A woman came to my counter the other day to return a set of steel crochet hooks. She said they were the wrong size, and assuming that she meant too small, I chuckled and said they were very much doily-making hooks. She replied that they were indeed, but she needed a hook small enough to use in adding beads to a project. My spider-sense tingling, I breathlessly contained my excitement and asked what kind of project. Glory hallelujah, she said she was knitting a shawl. I stuttered out something inane about my own attempts at knitting with beads, and we had something like a conversation about techniques, but all the while my brain was screaming, "Find out if she's on Ravelry! Get her phone number!"
I fired up the camera, since my Ravelry notebook looked so forlorn with all of it empty boxes. This is good news for my blog, because these posts aren't very interesting without graphics.
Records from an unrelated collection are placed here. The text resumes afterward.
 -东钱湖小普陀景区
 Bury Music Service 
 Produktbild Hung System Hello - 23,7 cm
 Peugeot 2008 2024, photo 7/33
Here you can see the crude beginnings of my cabled riding jacket, which has proven to me that one cannot knit with wool during the dog days of summer unless one is in very good air conditioning. The Fisherman's Wool is lovely and soft, but not very tightly plied and a rather light worsted weight. Swatching (I swatched!) revealed that two strands would be necessary to get the stitch gauge, but my row gauge is hopelessly off. I have no idea how to fix it without affecting the stitch gauge, so I'm just going to have a very long sweater.
I suppose I could attempt math, but how likely is that?
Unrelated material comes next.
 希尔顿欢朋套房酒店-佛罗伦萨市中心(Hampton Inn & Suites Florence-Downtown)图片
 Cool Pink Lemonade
Looking ahead at the bodice instructions flip-flops my stomach. To make any sense of them I will probably have to chart it out on graph paper with the errata close by. I've never tried graphing out a whole pattern - only color charts, but it seems like a logical way of going about things.
On that note, I charted up this charming expy of my hipster husband as rendered by Charles Schultz, which I am applying to the Punk Rock Backpack from SnB. It's turning out to be quite the stash-busting exercise, as I'm able to fill in the colors with some of the various odds and ends that have been kicking around in my bins forever. On the other hand, I'm discovering that I really hate intarsia.
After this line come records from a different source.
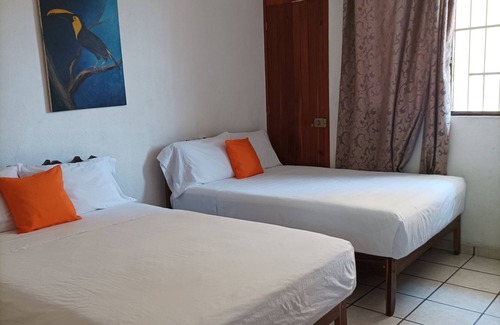 Centro Hotel | Hotel Villa Tulipanes
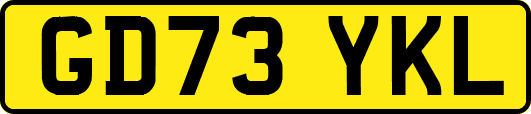 GD73YKL
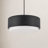 Fitzgerald Glass Flush Mount-1298395292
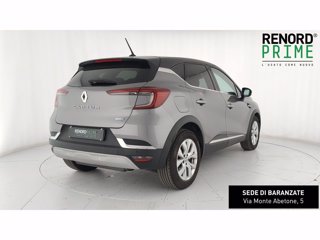 RENAULT Captur 1.6 E-Tech phev Intens 160cv auto my21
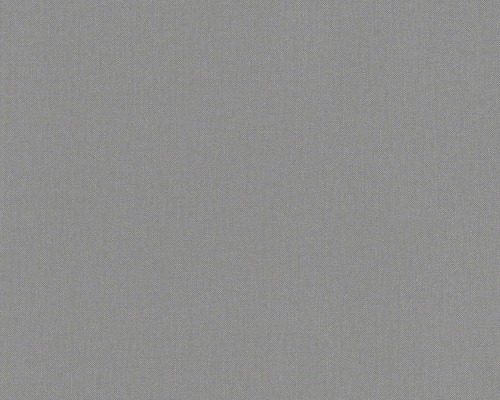 Papier peint non tissé 93676-4 Elegance Uni gris argent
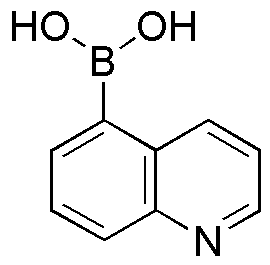 Ácido quinolin-5-borónico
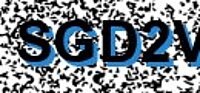 grafischer Sicherheitscode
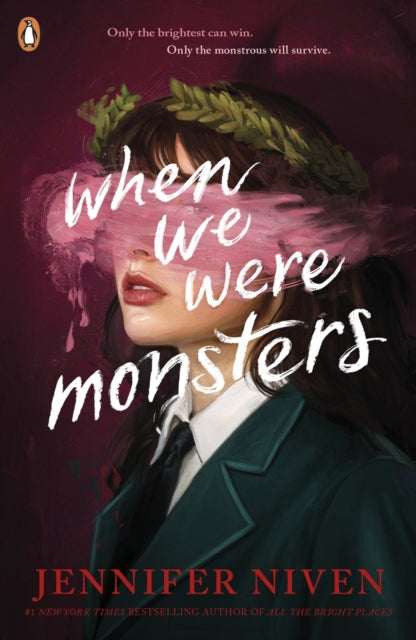 When We Were Monsters - Book from The Bookhouse Broughty Ferry- Just £9.99! Shop now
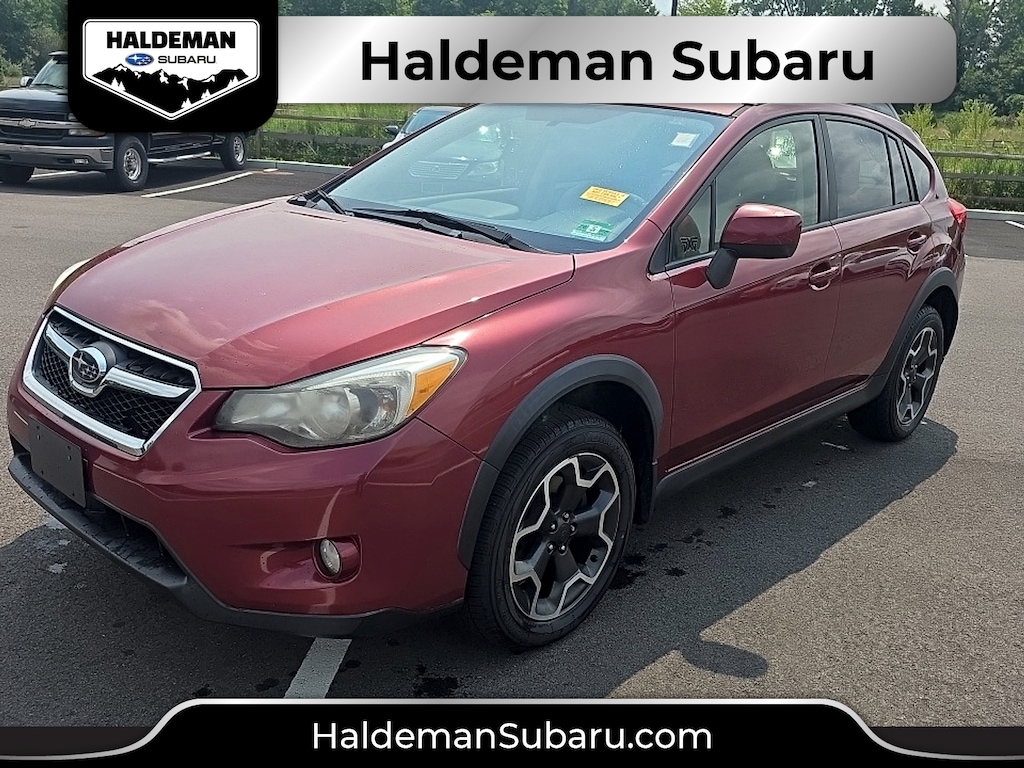 Used 2014 Subaru XV Crosstrek 2.0i Limited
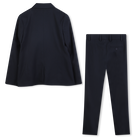 Conjunto de traje de ceremonia BOSS 
                    NI&Ntilde;O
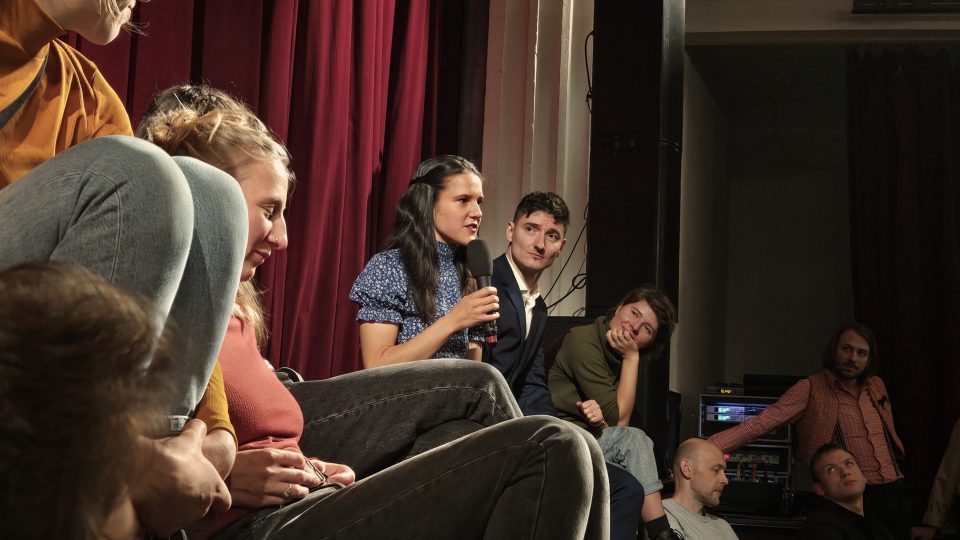 Lidé z tvůrčího týmu letošního 24. ročníku benefice Apropo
Which is why I have abandoned my ideas of making a colorwork-focused scarf for my husband's friend Andy, and am instead working up a Celtic Cables Scarf. He has a Celtic cross tattooed on his back, so I figure that he should appreciate the motif, disappointed though he may be to not be getting the argyle scarf that I hinted at when he originally asked for a handknitted scarf. The cables promise to be suitably impressive, so I'm not too worried. I reckon it will be finished sometime in the next 20 years.
Having more or less finished Mirasol, I'm embarking on a new amigurumi, this time in knitting. It's going to be me! More or less. The head is the wrong shape already, but I stuffed it with yarn, because that's what my head is full of. The yarn is the same Sugar 'n Cream or Peaches and Creme kitchen cotton that I used for Mirasol, and I'm stabilizing the neck the same way I did for her: with a small wooden spool. The gauge is just a little off, but I like the size it's coming out. I was inspired by Stitch London and the Science Museum's 2010 Stitch Yourself project, but the pattern I'm using is Yarnigan's Blank Slate Doll, because it was free, and it hardly matters if I'm not sending the doll in. I've added lots of mods to give the body more shape, which is also affecting the finished size considerably.
I dug out my old Pattern-a-Day calendar and found the pages for Cat Bordhi's Treasure Forest socks and the matching bookmark. I don't have a suitable yarn for the socks just now, so I've cast on for the bookmark in Caron Simply Soft.
The Esperanza bookmark is growing gradually, with a few stitches jumping off whenever I pull it out of the bag - I need a better WIP storage solution.
Also growing - the Marple Shawl.
I've hit a literal snag with this one - it's so tangled up with the other projects in my bag that I can work no further on it until that is remedied. It speaks volumes for my laziness that I'd just as soon work on something else as try to free this poor WIP.